Second, get in reasonable shape. Depending on how far you run with it, you can put yourself leaps and bounds ahead of the competition. It just takes time. If it took money, everyone would have it. Go to the closest gym and get a personal trainer. Do whatever they tell you to and stick with it for at least 6 months to a year.
Third, appearance. Looks matter and you have to dress well. Just pic a style and go to the stores that cater to that style and wear whatever the manikins are wearing. Now do it consistently. Its that easy.
If you are half way successful at these three steps you should be ahead of at least 75% of the competition. You can of course keep adding to your social appeal through other talents. Got a little tact? Great, but if not, do something interesting that people can relate to. Preferably, non technical, non science, non school sponsored. Examples - rock climbing, music, art, motorcycles, traveling, skateboarding, gardening, camping, wine, scuba diving, photography, acting, or anything that when you talk about it, people think it sounds fun and interesting. Just pick something.

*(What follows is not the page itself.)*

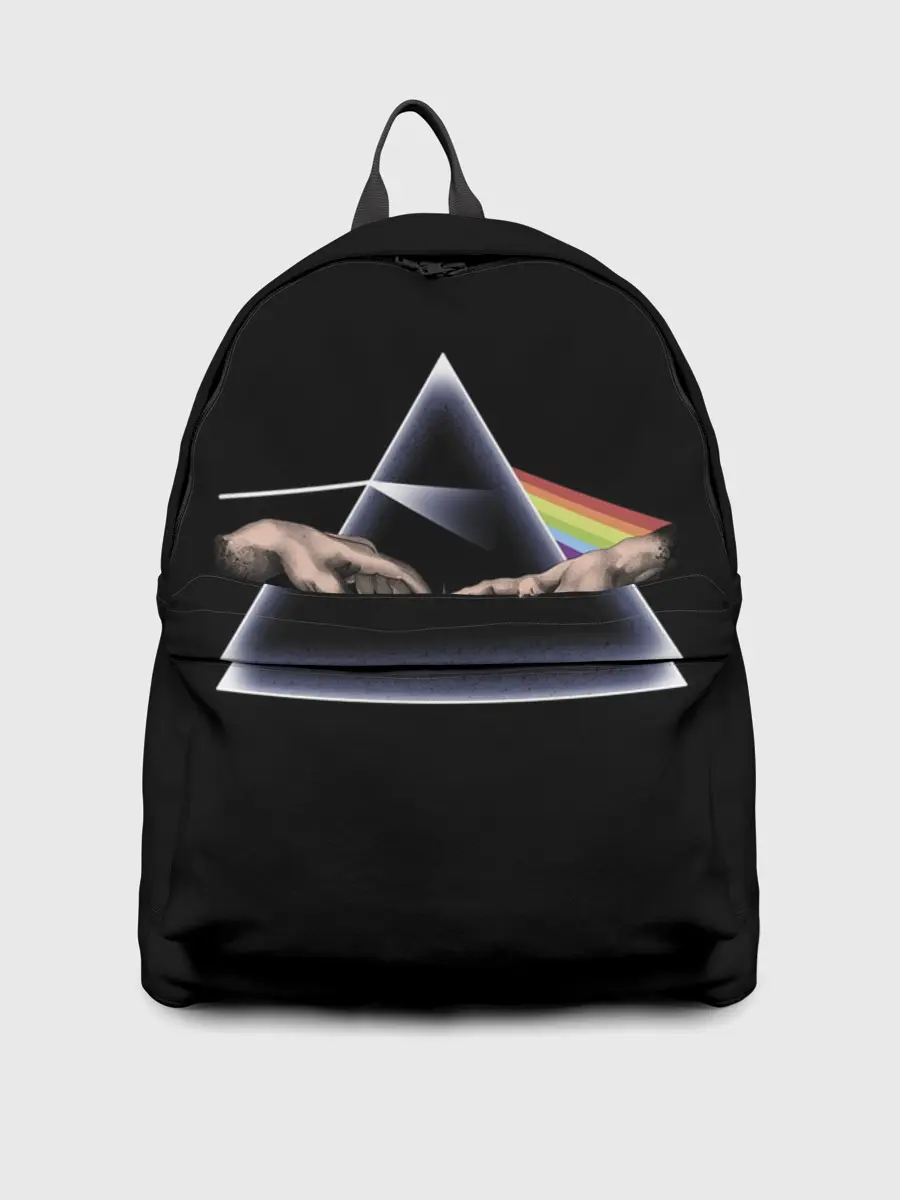 Рюкзак джинсовый / The Creation of Adam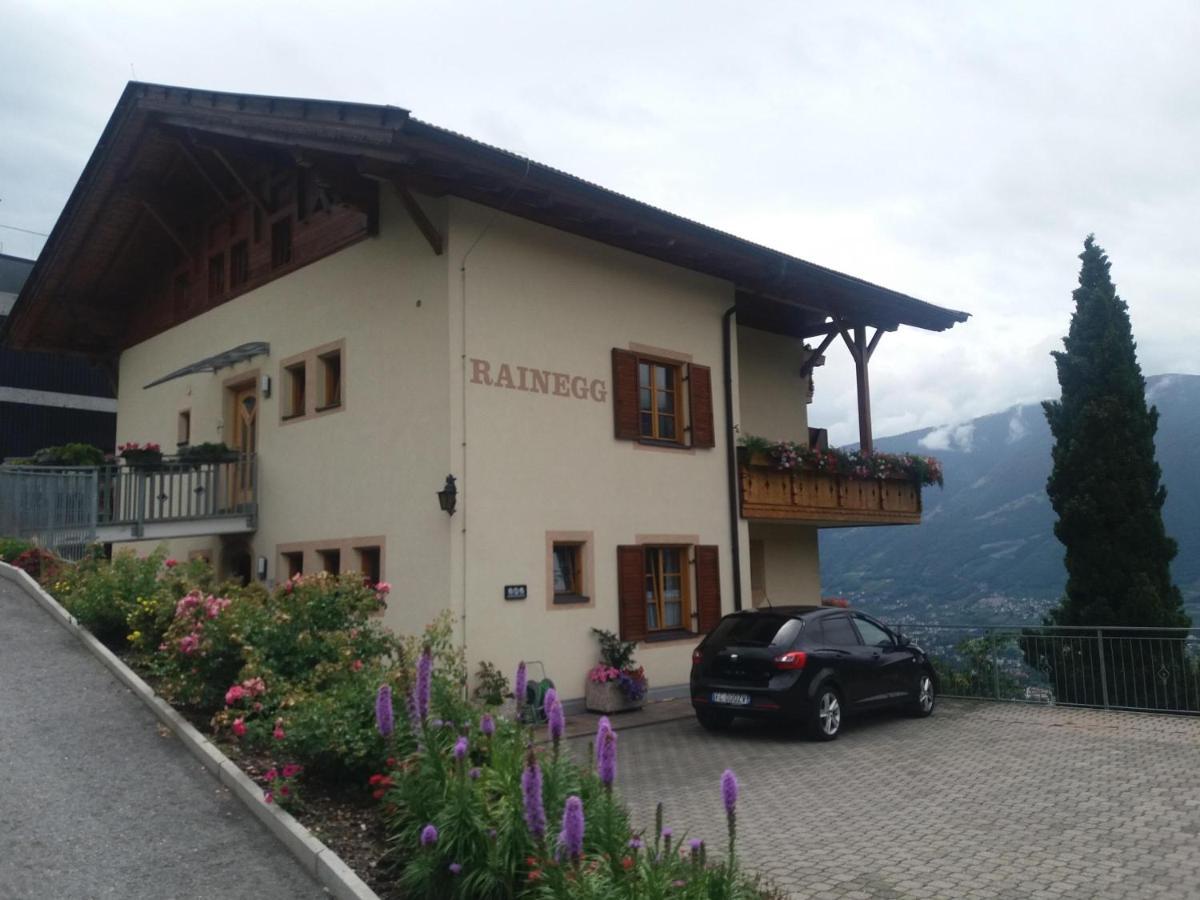 Laugen Rainegg Apartment Schenna Exterior photo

Do these things and people will come to you. Its that easy if you actually do it but it is a competition and there are always going to be people ahead of you and behind you. You just have to fight for your place. And remember, you have to adapt to the world. It won't do the same for you.
Also, there is a great segment in the movie American Psycho about fitting in.
I'm aware of furry drama. I have a friend who is a furry and he lives communally in an apartment with other furries in which the roommates rotate every three months or so. Drama city, according to him.
There's no reason to put scare quotes on self-esteem. Self-esteem is the value you place on yourself. Having none of it will make you feel worthless, good for nothing, broken, flawed, a drag. People react to that in ways that hurt other people, by either latching on to people and draining them of life, or by becoming a "radical loser" by projecting their feelings of worthlessness onto others.
A high self-esteem, which is to say happiness, is the birthright of every single* human being. If I were to truly express how strongly I felt that, it would split the Earth right in half. Sometimes I think that people with no self-esteem choose to revel in their misery (does "misery loves company" ring true to you?) and I think that's harmful. It is grossly cruel the way people treat furries (and emos).
*Except psychopaths. www.hare.org
I don't make the rules. I just make fun of them.
I'm surprised no one mentioned MIT's long-running "Charm School" designed to teach nerds table manners, basic fashion, and dating tips.